■ PROVIDED RECORDS
+---+
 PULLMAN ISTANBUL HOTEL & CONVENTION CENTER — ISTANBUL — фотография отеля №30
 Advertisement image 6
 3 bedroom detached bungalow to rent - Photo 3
+---+
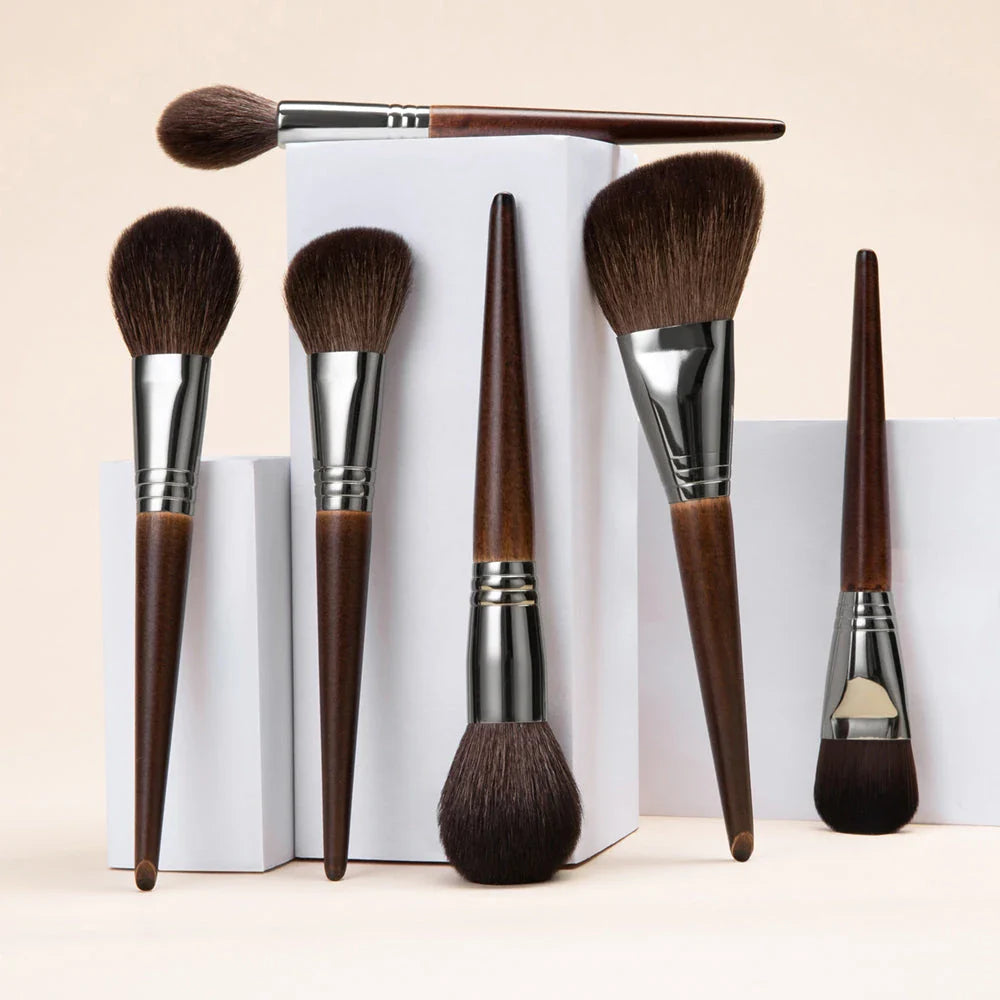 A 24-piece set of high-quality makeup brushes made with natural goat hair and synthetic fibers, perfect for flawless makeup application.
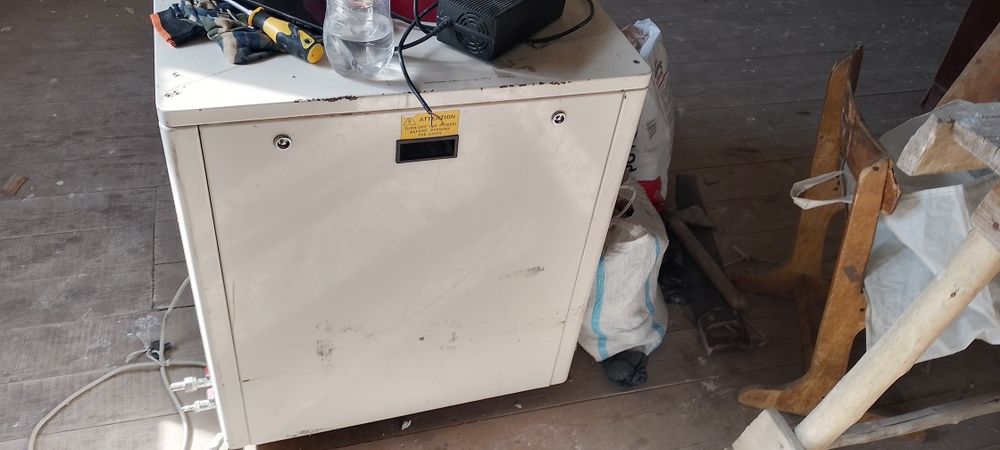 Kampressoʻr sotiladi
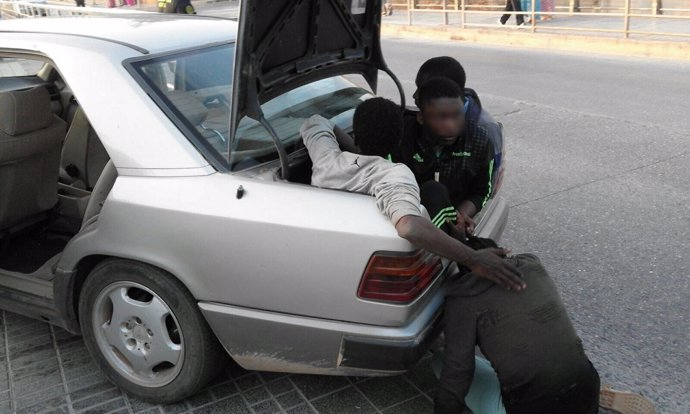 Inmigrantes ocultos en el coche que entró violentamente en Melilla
+---+
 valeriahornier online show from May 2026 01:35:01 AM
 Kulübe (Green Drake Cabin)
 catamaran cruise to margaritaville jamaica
+---+
■ DIRECTIONS
Give again exactly, and only, the lines above starting at the one with "PULLMAN ISTANBUL HOTEL" and ending at the one with "3 bedroom detached".

■ TASK RESULT
 PULLMAN ISTANBUL HOTEL & CONVENTION CENTER — ISTANBUL — фотография отеля №30
 Advertisement image 6
 3 bedroom detached bungalow to rent - Photo 3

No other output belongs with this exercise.